Police The Police was the largest page with nearly 2 million followers before it was taken down by Facebook and its founder is now concerned about how the lack of resources will impact police accountability efforts.
“Local media doesn’t have any incentive to try to cover those types of stories because they’re actually friendly with their local police departments. If the police start to feel betrayed by their local media, then they’ll be less likely to actually share information,” Bassler said.
But without the pages dedicated to police accountability, we wouldn’t hear stories about people like Roderick Talley…
Talley’s front door was blown off of its hinges and his apartment was raided by a SWAT team over false information from an informant who claimed Talley purchased cocaine from him. The only problem was that Talley had recorded everything with his home security system. His footage included a visit from the informant who rang the doorbell and then left without selling any drugs, followed by an undercover officer who came by to confirm the location.
“No one would listen to him.

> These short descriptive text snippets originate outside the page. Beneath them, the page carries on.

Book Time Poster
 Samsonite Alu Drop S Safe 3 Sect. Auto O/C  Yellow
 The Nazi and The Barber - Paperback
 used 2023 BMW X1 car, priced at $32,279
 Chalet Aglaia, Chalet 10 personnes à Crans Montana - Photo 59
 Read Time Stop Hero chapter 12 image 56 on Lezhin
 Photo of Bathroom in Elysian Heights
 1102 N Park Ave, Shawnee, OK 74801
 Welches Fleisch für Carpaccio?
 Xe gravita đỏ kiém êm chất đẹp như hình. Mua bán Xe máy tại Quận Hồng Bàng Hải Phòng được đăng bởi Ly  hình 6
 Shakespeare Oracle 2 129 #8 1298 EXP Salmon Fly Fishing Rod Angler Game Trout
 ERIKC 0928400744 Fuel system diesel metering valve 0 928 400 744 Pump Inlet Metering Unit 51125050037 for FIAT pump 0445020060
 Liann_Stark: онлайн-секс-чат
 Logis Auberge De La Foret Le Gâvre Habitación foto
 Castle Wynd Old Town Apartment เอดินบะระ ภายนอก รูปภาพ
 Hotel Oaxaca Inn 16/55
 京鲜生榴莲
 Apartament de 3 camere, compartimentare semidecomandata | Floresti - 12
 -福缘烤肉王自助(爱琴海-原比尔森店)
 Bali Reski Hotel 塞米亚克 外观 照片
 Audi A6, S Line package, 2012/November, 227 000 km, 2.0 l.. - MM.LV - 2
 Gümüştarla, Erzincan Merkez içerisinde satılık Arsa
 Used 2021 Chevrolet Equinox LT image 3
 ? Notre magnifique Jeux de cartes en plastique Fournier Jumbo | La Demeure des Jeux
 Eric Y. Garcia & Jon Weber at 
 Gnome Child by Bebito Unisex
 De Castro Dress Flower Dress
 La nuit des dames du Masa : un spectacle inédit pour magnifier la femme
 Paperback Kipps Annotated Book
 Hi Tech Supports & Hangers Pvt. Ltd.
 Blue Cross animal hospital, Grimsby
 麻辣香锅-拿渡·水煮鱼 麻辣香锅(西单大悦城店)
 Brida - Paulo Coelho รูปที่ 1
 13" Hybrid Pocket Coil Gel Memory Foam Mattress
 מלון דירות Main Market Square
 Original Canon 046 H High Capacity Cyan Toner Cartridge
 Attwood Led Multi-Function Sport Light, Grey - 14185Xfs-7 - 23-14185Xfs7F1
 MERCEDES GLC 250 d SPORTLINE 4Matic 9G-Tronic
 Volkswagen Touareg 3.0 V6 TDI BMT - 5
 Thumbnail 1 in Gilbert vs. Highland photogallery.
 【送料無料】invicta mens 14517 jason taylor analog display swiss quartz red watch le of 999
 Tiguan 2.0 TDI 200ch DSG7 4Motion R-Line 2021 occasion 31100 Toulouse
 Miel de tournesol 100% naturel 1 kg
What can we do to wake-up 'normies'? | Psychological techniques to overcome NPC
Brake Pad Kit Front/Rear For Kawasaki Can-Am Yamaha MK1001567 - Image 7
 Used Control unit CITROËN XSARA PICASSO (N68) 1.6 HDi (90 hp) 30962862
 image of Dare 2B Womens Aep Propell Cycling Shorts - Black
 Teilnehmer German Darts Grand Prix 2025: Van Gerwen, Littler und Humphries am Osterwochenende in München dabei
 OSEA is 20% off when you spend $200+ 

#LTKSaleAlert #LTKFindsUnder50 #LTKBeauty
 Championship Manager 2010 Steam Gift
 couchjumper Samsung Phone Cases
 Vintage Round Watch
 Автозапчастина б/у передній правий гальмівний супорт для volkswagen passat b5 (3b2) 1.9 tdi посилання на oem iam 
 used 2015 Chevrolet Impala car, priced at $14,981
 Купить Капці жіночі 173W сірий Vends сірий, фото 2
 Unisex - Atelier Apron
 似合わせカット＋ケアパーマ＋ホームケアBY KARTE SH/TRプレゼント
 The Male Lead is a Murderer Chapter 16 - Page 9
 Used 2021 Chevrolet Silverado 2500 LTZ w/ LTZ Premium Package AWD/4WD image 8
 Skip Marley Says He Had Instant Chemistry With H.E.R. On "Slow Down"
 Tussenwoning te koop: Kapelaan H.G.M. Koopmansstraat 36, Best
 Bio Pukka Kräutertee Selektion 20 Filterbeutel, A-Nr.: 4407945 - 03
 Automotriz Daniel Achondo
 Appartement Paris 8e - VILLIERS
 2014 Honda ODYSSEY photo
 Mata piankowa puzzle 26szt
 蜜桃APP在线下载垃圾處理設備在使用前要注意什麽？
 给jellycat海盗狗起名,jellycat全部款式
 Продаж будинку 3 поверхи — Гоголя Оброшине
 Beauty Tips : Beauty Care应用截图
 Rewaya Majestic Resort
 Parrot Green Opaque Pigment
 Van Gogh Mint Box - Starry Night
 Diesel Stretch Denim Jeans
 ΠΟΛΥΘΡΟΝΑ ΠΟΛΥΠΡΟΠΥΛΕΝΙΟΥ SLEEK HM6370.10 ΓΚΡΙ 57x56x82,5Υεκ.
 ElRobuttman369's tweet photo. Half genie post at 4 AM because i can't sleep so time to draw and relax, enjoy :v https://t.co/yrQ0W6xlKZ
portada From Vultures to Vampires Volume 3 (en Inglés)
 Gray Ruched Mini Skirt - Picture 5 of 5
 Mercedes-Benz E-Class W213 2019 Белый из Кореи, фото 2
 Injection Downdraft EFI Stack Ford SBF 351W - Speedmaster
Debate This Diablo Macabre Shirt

He tried to get his story to local media, and everything and this guy is an American hero,” saidMatt Savoy, co-founder of The Free Thought Project. “None of these cops were held accountable. So now, if we suppress that even more so, like what Facebook and Twitter is doing with us, and these videos aren’t allowed to be seen, then what’s the result of that?”
There is also concern that by stifling major police accountability pages, Facebook is helping to protect corrupt officers and departments.
“When the mainstream media, or the social media censors that, then it highlights the coordination between the mainstream media and the social media and the state,” said Ford Fischer, founder of News2Share.
In addition to targeting pages that share footage of police encounters from citizens, Facebook is also censoring pages like News2Share, which live-streams protests and arrests.
“Having that raw footage where you’re able to see the officer’s badge number and that kind of information that they’re going to make as difficult as possible for people to see if you trust them to just release it on their own,” Fischer said.
But the journalists and activists behind the police accountability effort refused to give up.
“It’s probably more important than ever to have independent media because with every tyrannical regime throughout history, one of the first things they want to do is to get rid of independent voices and independent press,” said Derrick Broze, founder of The Conscious Resistance.